- _DATA SHOWN_
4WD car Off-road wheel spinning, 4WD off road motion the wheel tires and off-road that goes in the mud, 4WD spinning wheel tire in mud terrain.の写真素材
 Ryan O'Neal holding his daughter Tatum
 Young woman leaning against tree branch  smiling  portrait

- _WHAT YOU WILL DO_
Copy down the whole of the data above, matching it exactly.

- _RESPONSE TO THIS TASK_
4WD car Off-road wheel spinning, 4WD off road motion the wheel tires and off-road that goes in the mud, 4WD spinning wheel tire in mud terrain.の写真素材
 Ryan O'Neal holding his daughter Tatum
 Young woman leaning against tree branch  smiling  portrait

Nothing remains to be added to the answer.